EXERCISE MATERIAL:
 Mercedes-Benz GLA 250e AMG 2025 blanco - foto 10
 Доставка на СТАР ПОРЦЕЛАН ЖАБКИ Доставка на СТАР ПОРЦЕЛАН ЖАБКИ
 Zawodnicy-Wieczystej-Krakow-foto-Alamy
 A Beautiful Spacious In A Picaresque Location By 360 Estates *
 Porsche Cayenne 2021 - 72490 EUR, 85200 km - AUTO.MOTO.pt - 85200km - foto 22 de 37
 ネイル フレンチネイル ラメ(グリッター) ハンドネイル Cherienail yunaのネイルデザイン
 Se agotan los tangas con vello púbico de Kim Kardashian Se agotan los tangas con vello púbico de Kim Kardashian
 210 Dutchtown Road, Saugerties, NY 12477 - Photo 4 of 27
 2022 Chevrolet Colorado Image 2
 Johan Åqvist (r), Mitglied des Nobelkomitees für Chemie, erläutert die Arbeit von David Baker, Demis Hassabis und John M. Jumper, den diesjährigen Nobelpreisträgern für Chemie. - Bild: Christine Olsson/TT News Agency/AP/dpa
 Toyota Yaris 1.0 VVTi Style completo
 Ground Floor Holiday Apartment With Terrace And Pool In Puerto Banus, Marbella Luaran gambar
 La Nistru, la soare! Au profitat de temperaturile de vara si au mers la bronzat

WORK TO BE COMPLETED: Having read the entries above, repeat them exactly.

PROBLEM SOLUTION:
 Mercedes-Benz GLA 250e AMG 2025 blanco - foto 10
 Доставка на СТАР ПОРЦЕЛАН ЖАБКИ Доставка на СТАР ПОРЦЕЛАН ЖАБКИ
 Zawodnicy-Wieczystej-Krakow-foto-Alamy
 A Beautiful Spacious In A Picaresque Location By 360 Estates *
 Porsche Cayenne 2021 - 72490 EUR, 85200 km - AUTO.MOTO.pt - 85200km - foto 22 de 37
 ネイル フレンチネイル ラメ(グリッター) ハンドネイル Cherienail yunaのネイルデザイン
 Se agotan los tangas con vello púbico de Kim Kardashian Se agotan los tangas con vello púbico de Kim Kardashian
 210 Dutchtown Road, Saugerties, NY 12477 - Photo 4 of 27
 2022 Chevrolet Colorado Image 2
 Johan Åqvist (r), Mitglied des Nobelkomitees für Chemie, erläutert die Arbeit von David Baker, Demis Hassabis und John M. Jumper, den diesjährigen Nobelpreisträgern für Chemie. - Bild: Christine Olsson/TT News Agency/AP/dpa
 Toyota Yaris 1.0 VVTi Style completo
 Ground Floor Holiday Apartment With Terrace And Pool In Puerto Banus, Marbella Luaran gambar
 La Nistru, la soare! Au profitat de temperaturile de vara si au mers la bronzat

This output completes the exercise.